F4 on a GE Profile dishwasher means DRAIN FAILURE. The control board doesn’t see the water level drop during drain, so it stops the cycle with dirty water still sitting in the bottom.

Official Fix

The manual’s answer: clear the drain path, then test. Do it in this order:

  • Kill power to the dishwasher (unplug it or flip the breaker). Don’t work on it live.
  • Open the door, pull out the lower rack, and lift out the bottom filter/grate. Scoop out food sludge, glass, labels, pasta – anything blocking the sump or drain screen.
  • Look for a plastic cover over the drain inlet in the tub floor. Make sure it’s seated and not jammed with bones, toothpicks, or citrus peels.
  • Go under the sink and find the dishwasher drain hose. Make sure it isn’t kinked, crushed, or sitting flat on the floor – it should loop up high before it drops to the drain or garbage disposal.
  • Disconnect the hose from the garbage disposal or sink tailpiece (have a towel/bucket ready). Check the fitting and the hose end for hard clogs and grease buildup. Rinse it through with hot water.
  • If this dishwasher was hooked up to a new garbage disposal, confirm the knockout plug was removed from the disposal’s dishwasher port. If the plug is still in, punch it out and clean the plastic plug out of the port.
  • If you have a countertop air gap, pop the cap and clear out gunk, seeds, and food chunks from inside.
  • Reconnect the hose firmly, restore power, and run a Cancel/Drain or Rinse cycle. Watch the drain hose at the sink: it should blast water strongly during drain.
  • If the hose is clear but the dishwasher barely dribbles or just hums and throws F4 again, the official answer is: “Replace the drain pump / call for service.” The pump is the usual suspect once the hose and filter are clean.

The Technician’s Trick

Here’s the stuff you don’t see in the manual that actually clears most F4 calls:

  • Vacuum-pull the clog. Pull the drain hose off the disposal or drain. Put a wet/dry shop vac hose over the dishwasher hose and wrap a rag around it to seal.

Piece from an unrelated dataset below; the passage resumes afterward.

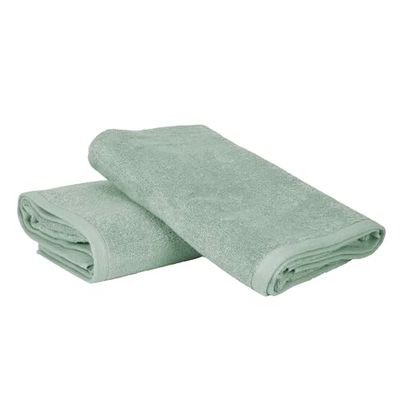 Ruggeri - Set of 2 Bath and Shower Towels 70 x 140 cm - 100% Pure Cotton Extra Soft - Towels Collection - Let's Color! (Sage)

Have someone start a Cancel/Drain on the dishwasher while you run the vac. The pump pushes, the vac pulls – most clogs launch right out.
  • Check the pump for junk without fully pulling the dishwasher. Kill power. Pop the toe-kick panel off at the bottom front. You’ll see the drain pump (small plastic pump with a hose leaving the machine). Clamp or pinch the hose, loosen the clamp at the pump, and pull the hose off. Catch water in a pan. Feel inside the pump inlet for broken glass, pits, popcorn kernels, or twist-ties. Spin the impeller with your finger; it should move freely.
  • Flush the sump from inside. With the filters out, pour a kettle of hot (not boiling) water mixed with a little dish soap straight into the sump area. Let it sit 5–10 minutes, then run Cancel/Drain. This can melt grease plugs that you can’t see.
  • Hard reset the control. After clearing everything, kill power at the breaker for 5 minutes, then turn it back on. Run a quick cycle. Some boards will latch the F4 fault until they see a full successful drain.
  • If the pump just buzzes, or you have to “help” it start by tapping the case and then it works briefly, the windings are cooked. At that point, a new drain pump is the right move, not more cleaning.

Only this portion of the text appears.